US open to talks on frozen Afghan funds – Reuters
The US administration will move ahead with negotiations to release billions in Afghan funds, which were frozen by Washington and other governments following the Taliban takeover last August, Reuters reported on Monday, citing its sources.
The talks are meant to help stabilize the crumbling Afghan economy, as the United Nations warns that the nation may face “acute hunger” this winter.
They will go ahead despite Washington’s concerns that Al-Qaeda leader Ayman al-Zawahiri – who helped plan the 9/11 attacks – was staying in Kabul before he was killed in a US drone strike earlier this month.
Washington reportedly aims to wire billions of assets belonging to the Afghan central bank into a Swiss fund, Reuters said. Disbursements would be made with the help of an international board bypassing the Taliban, many of whose officials have been slapped with US and UN sanctions.
According to Reuters’ sources, US officials have said they intend to pursue talks with the militant organization at an August briefing, although they were frustrated with the speed of the talks. One US official blamed the slow pace on the failure of the Taliban and Afghan central bank to move quickly.
One of the sticking points is the Taliban’s reported opposition to several international demands, including the removal of two sanctioned militants from posts at the central bank — and a reluctance to formally agree to install independent anti-money laundering monitors.
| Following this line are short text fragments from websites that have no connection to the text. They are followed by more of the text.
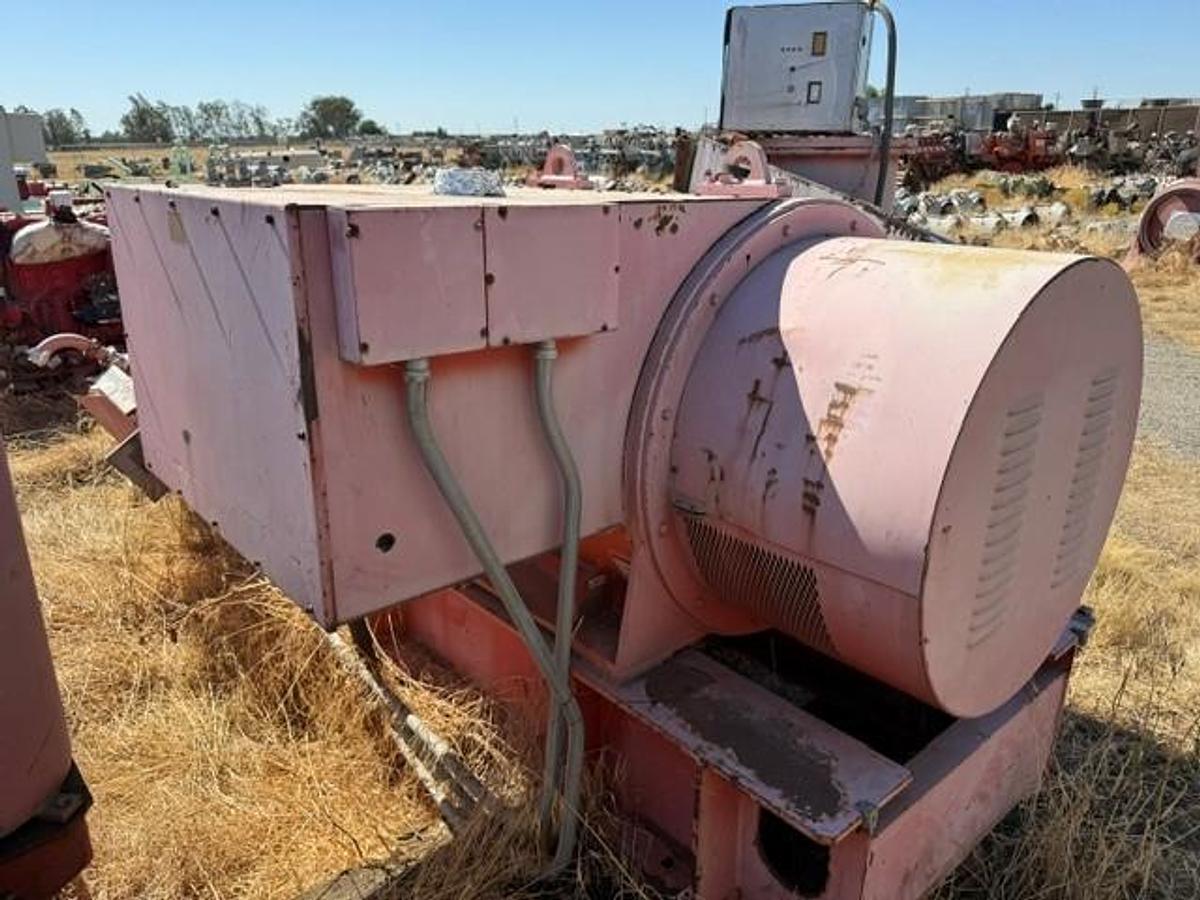 Used KATO 800 KW 1200 RPM 4169 Volt Generator End SN:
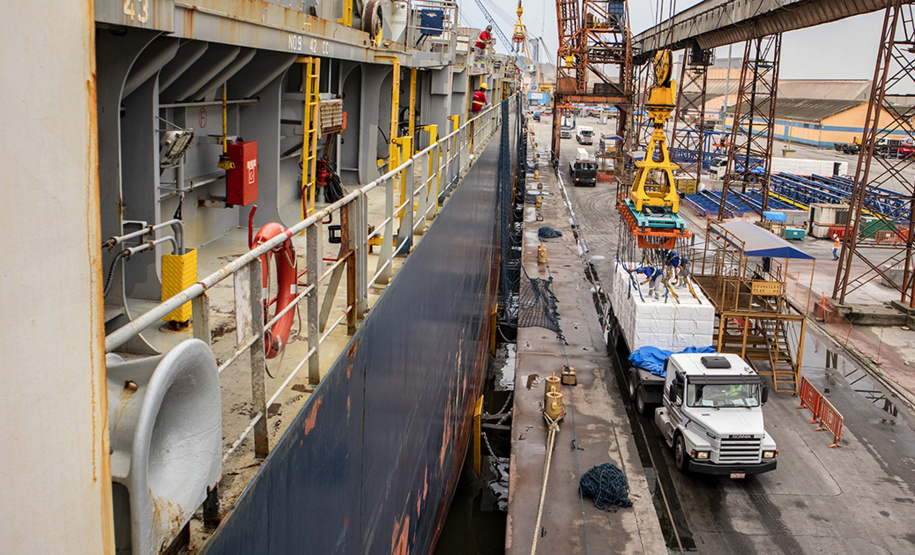 Klabin exporta sua maior carga pelo Porto de Paranaguá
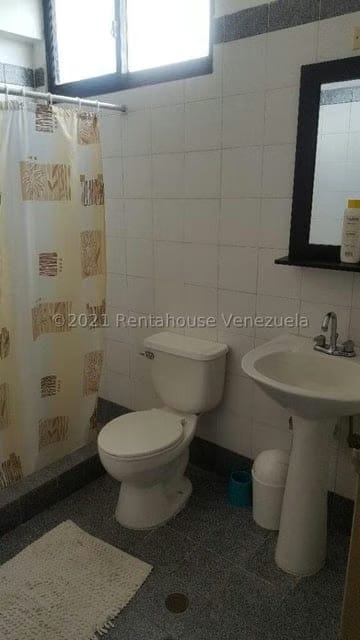 Apartamento (Multiples Niveles) en Venta en Agua Sal, Miranda - 14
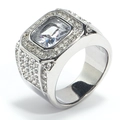 Detalle macro de anillo hip hop para hombre en plata con gema rectangular y micro-diamantes - US 7 / Color Acero Gema Blanca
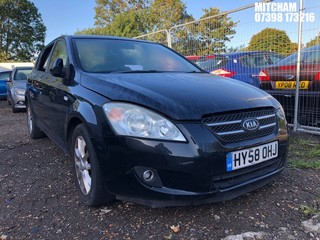 Location: Mitcham - 2008 KIA CEE'D LS 5 Door Hatchback REG: HY58OHJ, Keys: No, MOT Expiry date: 30/10/2025, 1591 Petrol, 5 Speed Manual Petrol, Former Keepers: 4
However, according to Reuters, Taliban officials have consented to the latter provision in principle.
When the Western-backed Afghan government collapsed last year, the country had more than $9 billion deposited in foreign banks, which was frozen following the Taliban takeover.
Earlier reporting suggested that the Biden administration did not plan to release Afghan assets over concerns that the money would be used to fund terrorism.
“Needless to say, the Taliban's sheltering of Al Qaeda leader Ayman al-Zawahiri reinforces deep concerns we have regarding diversion of funds to terrorist groups,” Thomas West, the US State Department’s special representative for Afghanistan, told the Wall Street Journal last week.